California

California

September 11, 2012 | By Keith Martin in Washington, DC

California explained further in early September in what circumstances it will treat the transfer of an interest in a solar project as a trigger to start collecting property taxes on the project. Solar generating equipment is effectively exempted from annual property taxes in California, but it becomes subject to such taxes if there is a sale of the project or change in control of the project company that owns the project after construction. Property tax rates vary by county. They can be as high as 2% of assessed value.

The State Board of Equalization proposed revisions to the property tax assessor’s manual and released a separate opinion letter on September 5 in response to questions from solar companies.

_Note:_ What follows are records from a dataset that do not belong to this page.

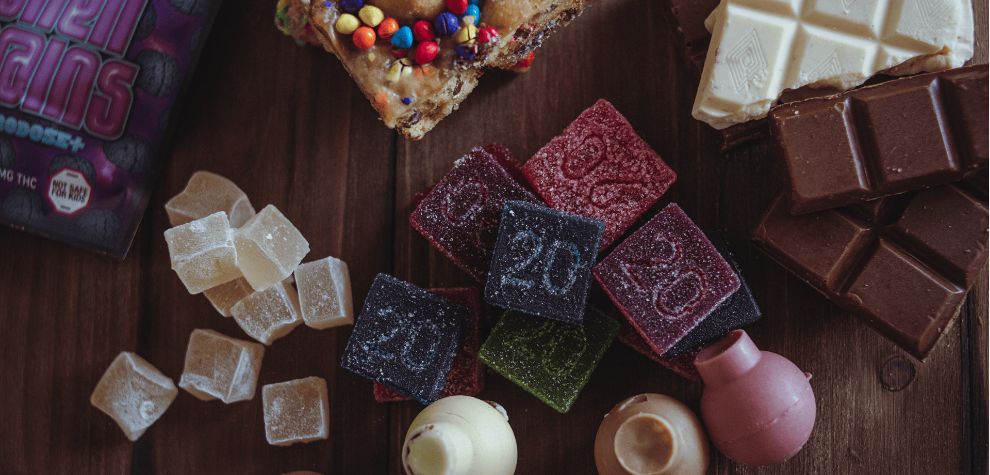 Gummies, hard candies, cakes, and pastries — order from a weed store online and indulge in both sweet and savoury THC-laced edibles. 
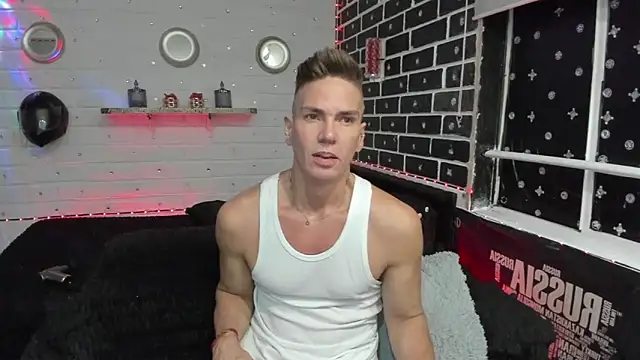 AdanXanders online show from February 3, 5:05 am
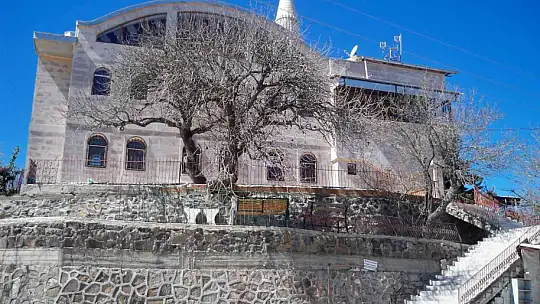 Hz. Ukkaşe Türbesi yeniden ziyarete açıldı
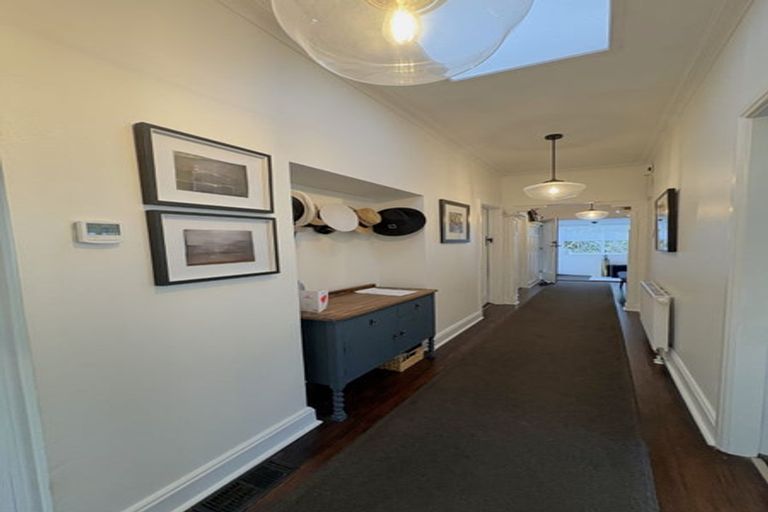 Photo of property in 26 Waitohu Road, York Bay, Lower Hutt, 5013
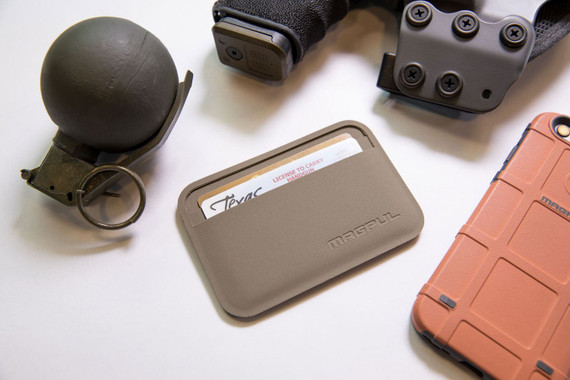 Magpul MAG763-245 DAKA Everyday Wallet Polymer Flat Dark Earth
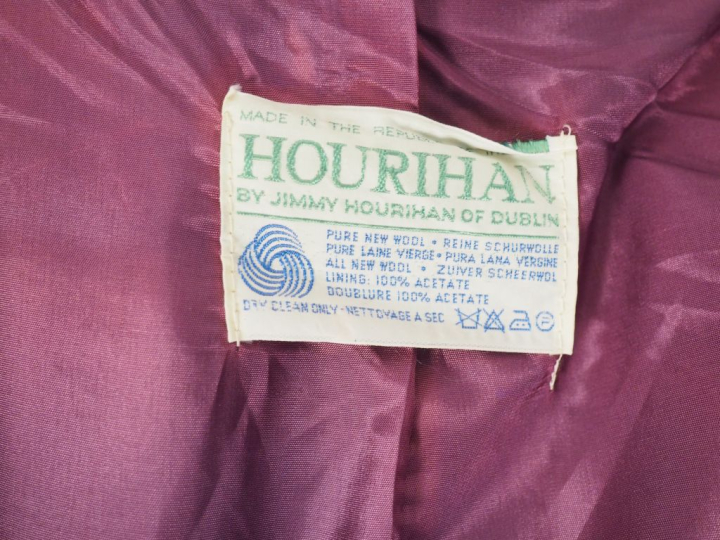 HOURIHAN Cape en laine (100%) chamarrée violette.  Ceinture, quatre bo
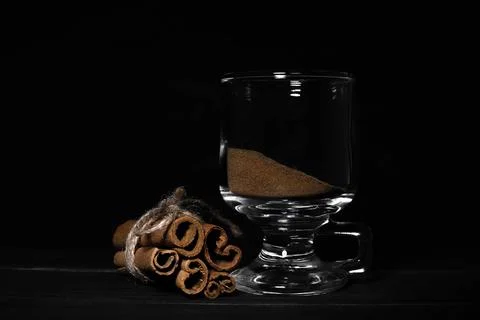 Cinnamon in a glass Foto stock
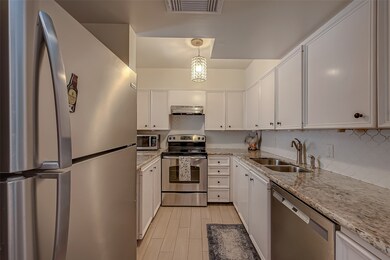 2612 Ridgewood St, Houston, TX 77006 - photo 7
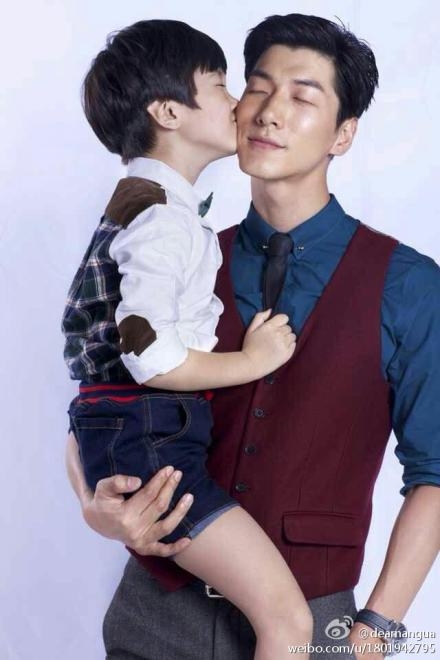 时装周的中国男模张亮和他的儿子张悦轩,这对在节目中最潮的明星父子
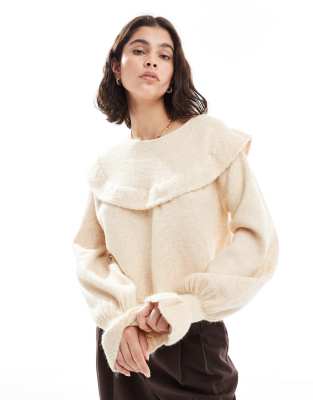 Miss Selfridge - Pull à manches bouffantes et col à froufrou - Crème-Neutre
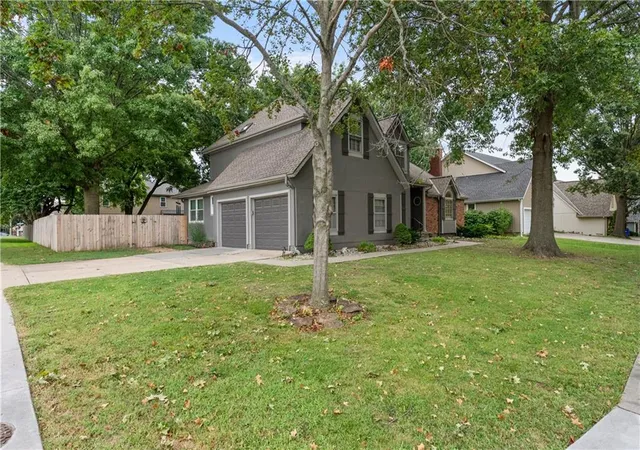 Photo 3 of Single family home for sale at 1028 Se Bordner Dr, Lees Summit, MO 64081 | MLS# 2637223 | Listing updated on 2026-10-16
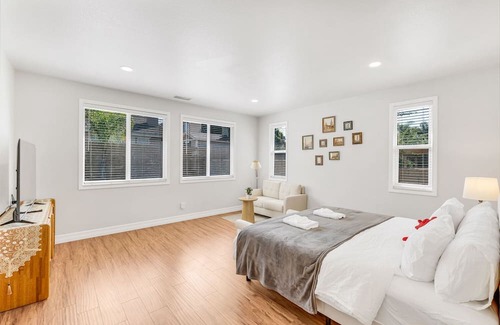 Mira Loma Casa | 4B2.5B/Private Hot tub/Amazing pool/Private garden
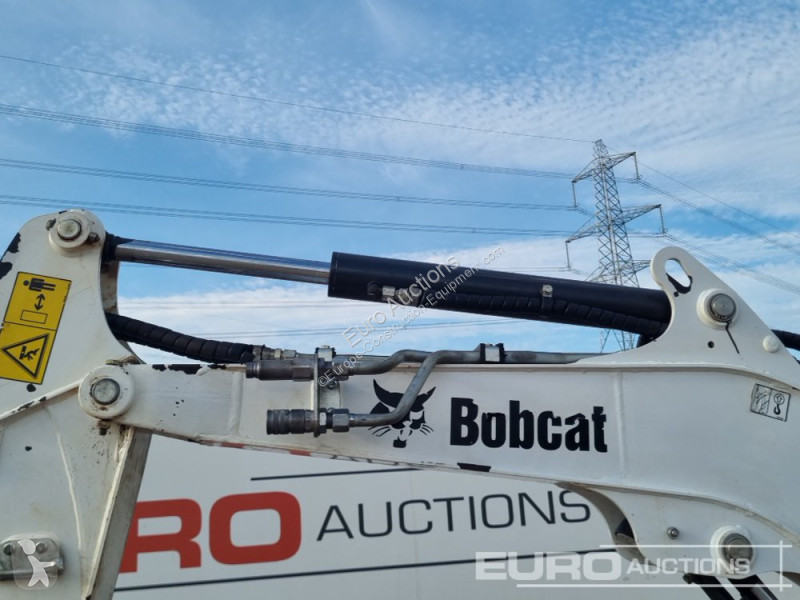 جرافة Bobcat E27Z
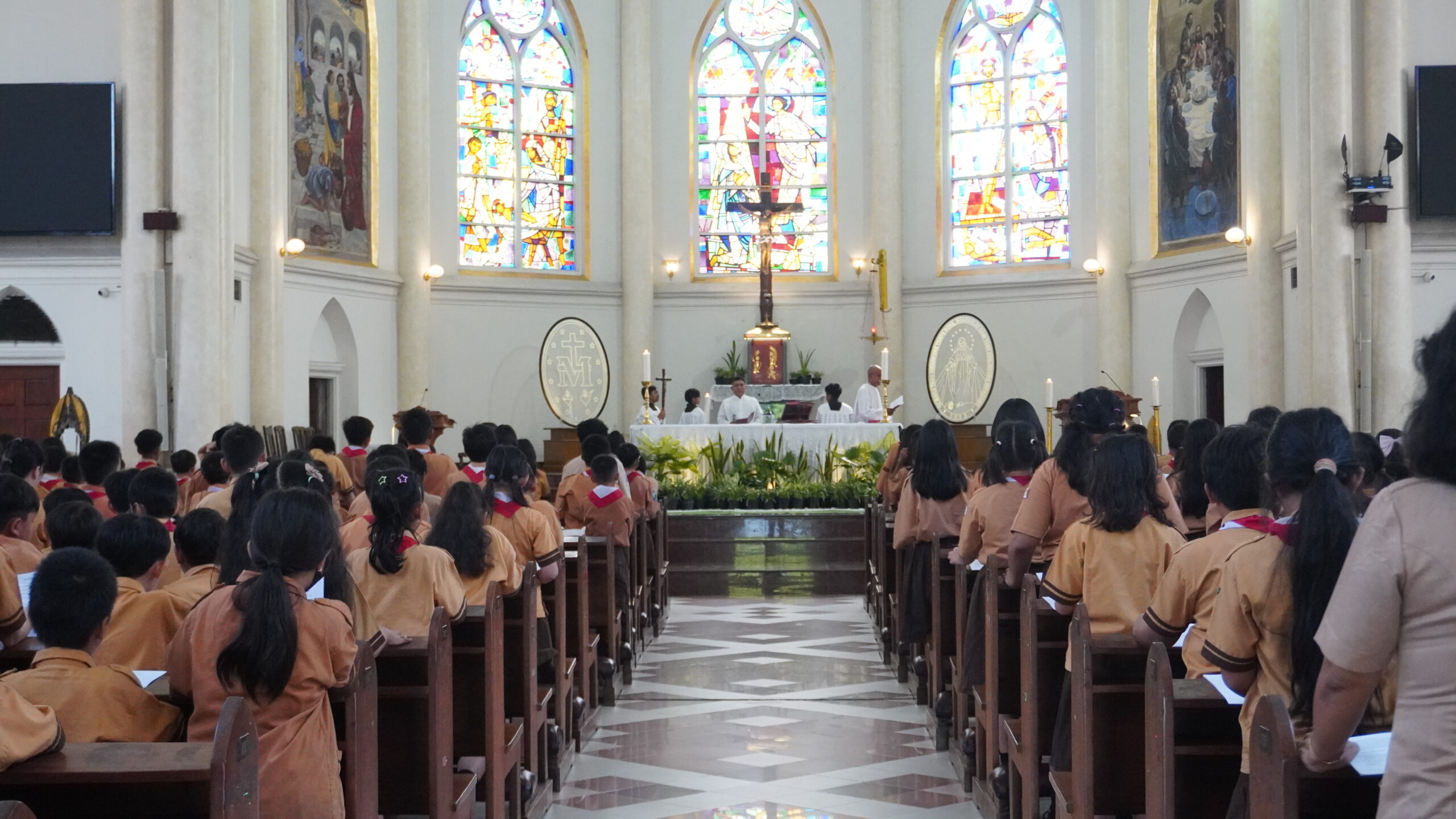 Hening dan Khidmat, Ratusan Siswa SDK Santa Angela Surabaya Ikuti Jalan Salib di Gereja Tertua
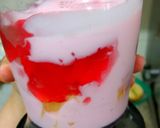 Foto del paso 2 de la receta: Batido de yogurth, gelatina y frutas😋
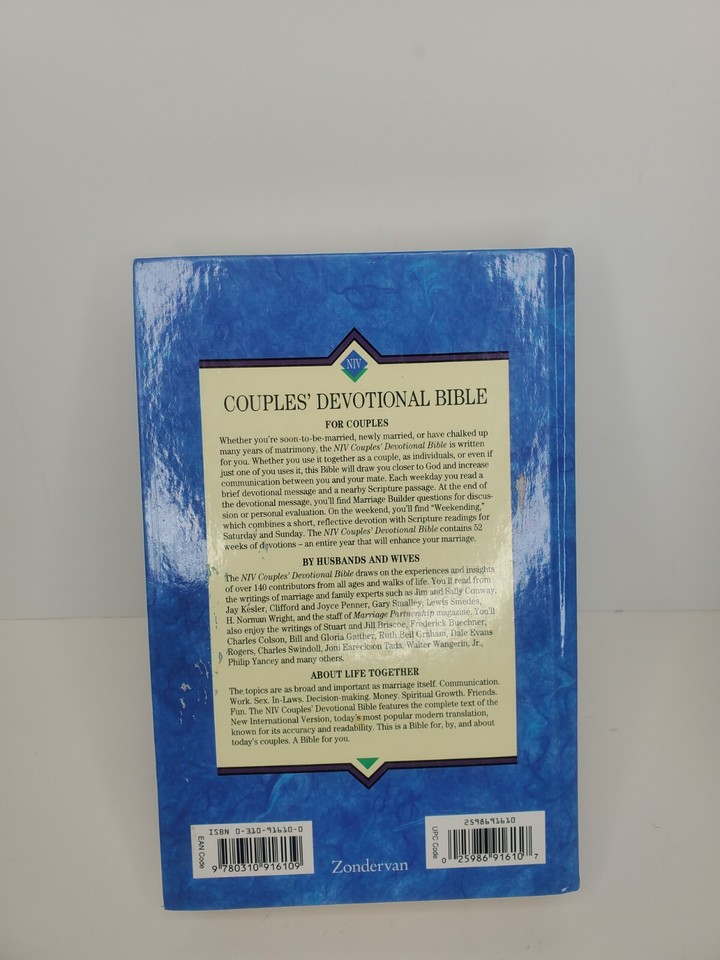 Couples' Devotional Bible New International Version by ZondervanBlue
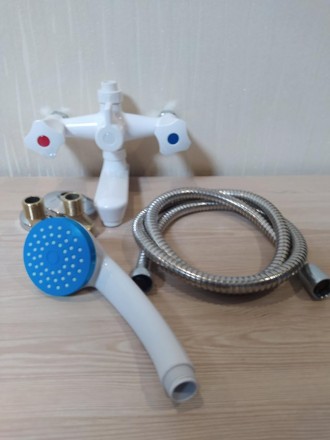 Змішувач для ванни з термопластичного пластику SW Omega 142 white-002
Гарний виб. . фото 5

The assessor’s manual would say the following. The sale of a solar project or an interest in the company that owns the project during construction will not trigger property taxes. Entering into a tax equity transaction structured as a sale-leaseback within three months after the project is first placed in service or a partnership flip will not trigger property taxes. There is no deadline to enter into the partnership flip transaction. (An inverted lease does not trigger property taxes because it is not a sale of the project.)

However, property taxes will be triggered when a developer who has sold and leased back his project exercises an option to repurchase the project. There is a risk that the “flip” in a partnership flip transaction will trigger such taxes. 

However, a board official said that was not the intention and said the language will be fixed. 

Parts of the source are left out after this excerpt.